Latent diffusion: Running the diffusion process in a compressed latent space rather than raw pixel space, making generation much faster.
Latent space: The internal, compressed representation space learned by a neural network.
Linear probing: Training a simple linear classifier on a model's hidden states to test what information is encoded at each layer.
Logit lens: A technique that projects intermediate transformer hidden states to vocabulary space to visualize how predictions evolve layer by layer.
LoRA (Low-Rank Adaptation): A parameter-efficient fine-tuning method that adds small trainable low-rank matrices alongside frozen model weights.
Mechanistic interpretability: The practice of reverse-engineering the specific algorithms and circuits implemented by a neural network's weights.
Message passing: The GNN paradigm where each node aggregates feature vectors from its neighbors to update its own representation.
Mixture of Experts (MoE): An architecture where a routing mechanism activates only a subset of parameters (“experts”) for each input, enabling larger models at lower compute cost.
Multi-head attention: Running multiple attention computations in parallel, allowing the model to capture different types of relationships simultaneously.
PagedAttention: Managing KV-cache memory in fixed-size pages (like OS virtual memory), eliminating fragmentation during inference serving.
Perplexity: A standard metric for language models, measuring how surprised the model is by a held-out text.
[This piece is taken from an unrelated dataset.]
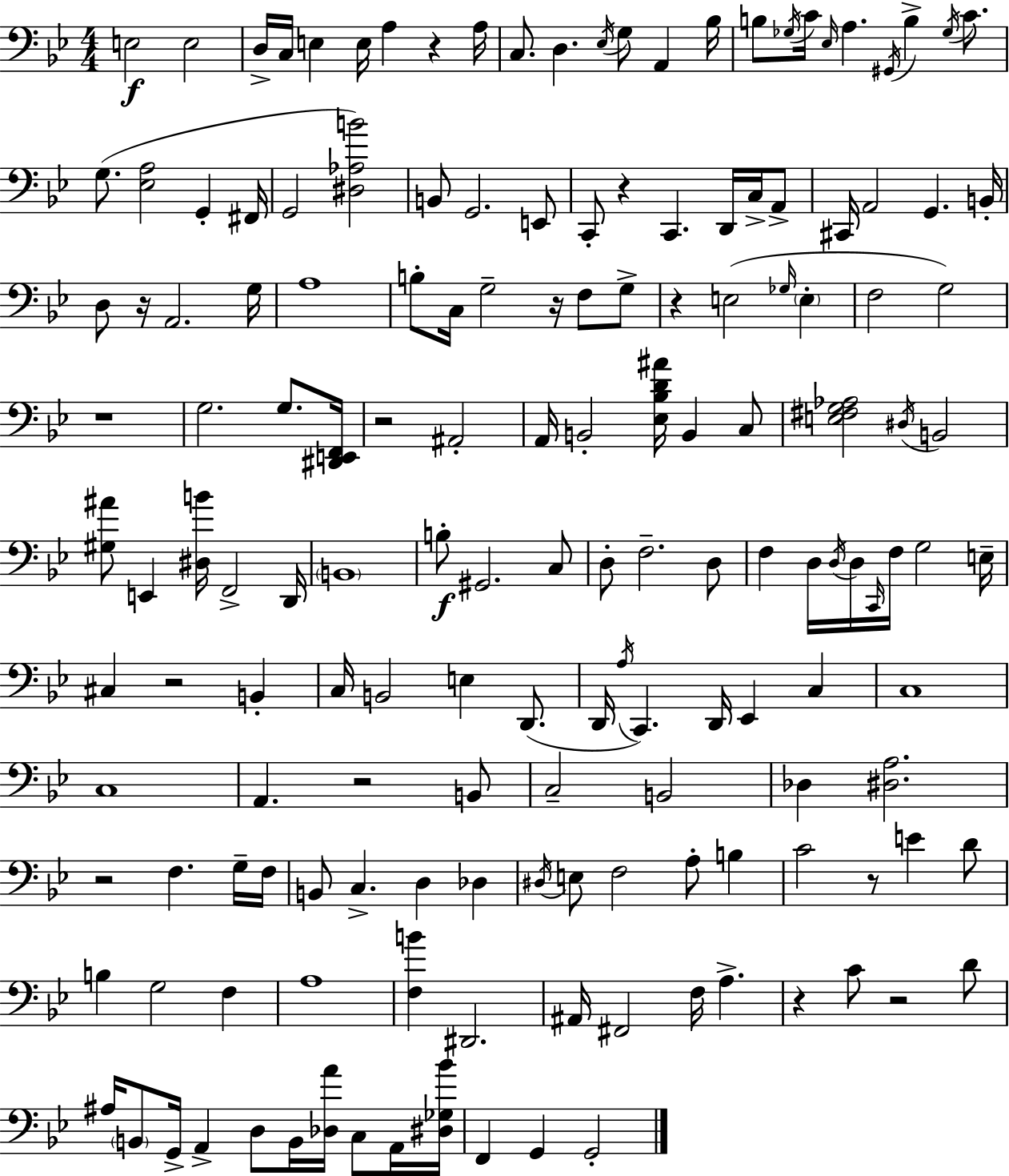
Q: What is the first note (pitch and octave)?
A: E3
Lower is better.
Polysemantic neuron: A neuron that activates for multiple, seemingly unrelated concepts---a consequence of superposition.
Post-training: The alignment stage after pre-training, typically including supervised fine-tuning, RLHF, and/or DPO.
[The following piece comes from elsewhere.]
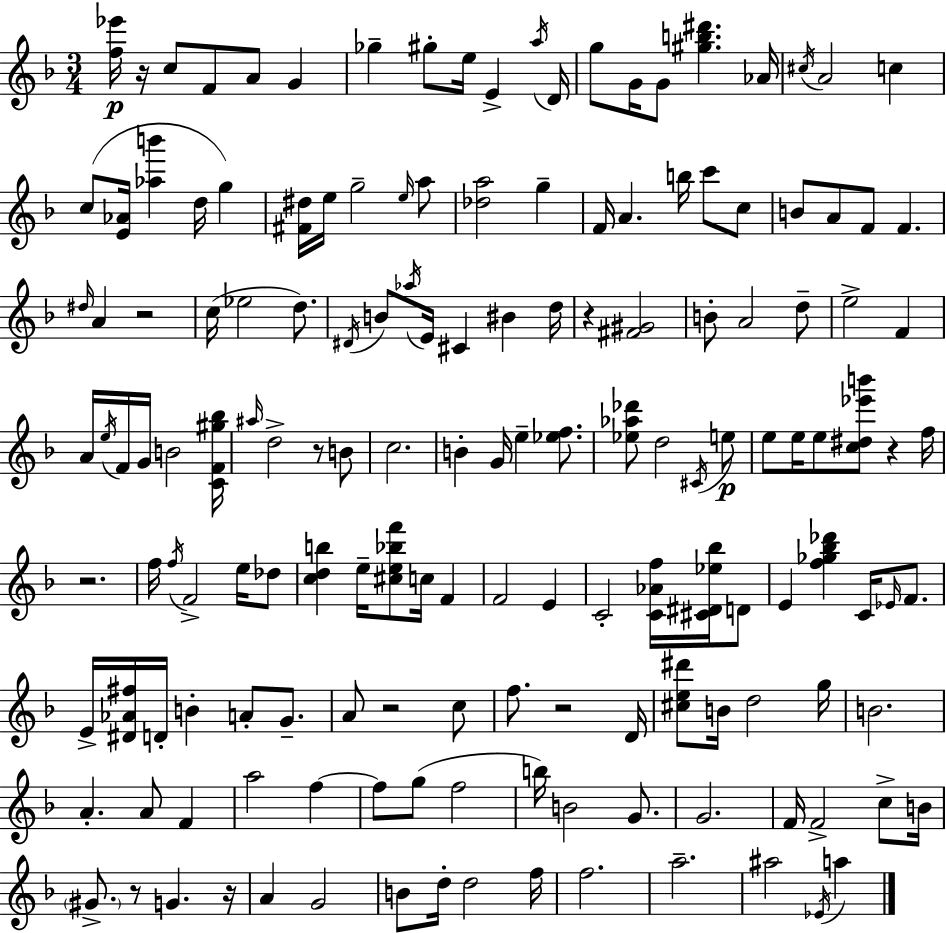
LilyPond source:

Pre-training: The initial large-scale training phase where a model learns general language (or multimodal) representations from massive corpora.
Prompt injection: Manipulating an LLM's behavior by embedding adversarial instructions inside untrusted input data.
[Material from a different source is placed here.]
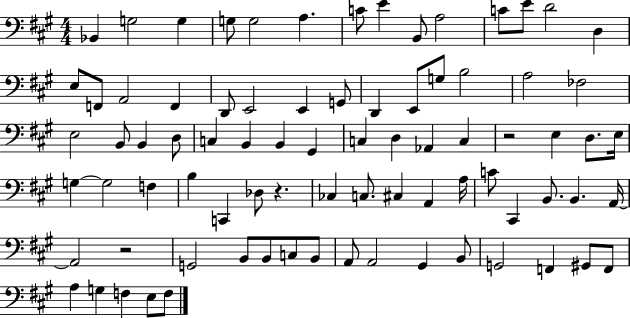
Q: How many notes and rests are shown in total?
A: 81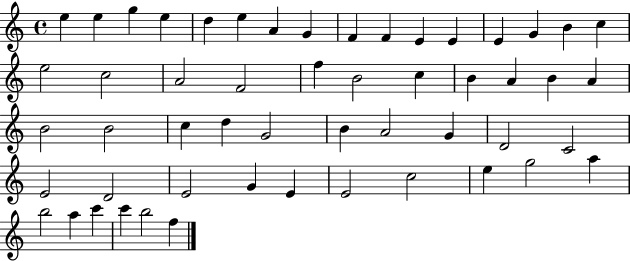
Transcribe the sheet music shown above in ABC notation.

Pruning: Removing unimportant weights or entire structures (heads, layers) from a model to reduce its size and latency.
Quantization: Reducing the numerical precision of model weights (e.g., FP32 \(\to\) INT4), shrinking memory footprint and speeding up inference.
RAG (Retrieval-Augmented Generation): Grounding LLM responses by first retrieving relevant documents from an external knowledge base and including them in the prompt.
ReAct: An agent framework that interleaves reasoning traces (“thought”) with tool-calling actions (“act”) in an alternating loop.
Recursive self-improvement: A hypothetical scenario where an AI system improves its own capabilities in a continuous feedback loop.
Red teaming: Systematically probing an AI system for vulnerabilities, biases, or failure modes.
Representation engineering: Directly modifying a model's internal activations at inference time to steer its behavior (e.g., increasing honesty or reducing toxicity).
Reward model: A model trained on human preference data that scores LLM outputs, used as the reward signal in RLHF.
Scaling laws: Empirical power-law relationships between compute, dataset size, model parameters, and resulting performance.
Sparse autoencoder (SAE): A learned decomposition that extracts interpretable, monosemantic features from a model's polysemantic internal activations.
Speculative decoding: Using a small, fast “draft” model to propose candidate tokens that are then verified in parallel by the full model.
Superposition: When a neural network encodes more conceptual features than it has dimensions, overlapping them in a compressed representation.
Tokenization: The process of converting raw text into a sequence of discrete integer tokens for model input.
Transformer: The dominant neural network architecture for language and multimodal AI, based entirely on self-attention rather than recurrence or convolution.
Vector database: A database optimized for storing and searching high-dimensional embedding vectors via approximate nearest-neighbor algorithms.
World model: An internal model that predicts the consequences of actions before they are executed, enabling planning and imagination.
Zero-shot / few-shot: Performing a task with zero or a few examples in the prompt, relying on the model's pre-trained knowledge.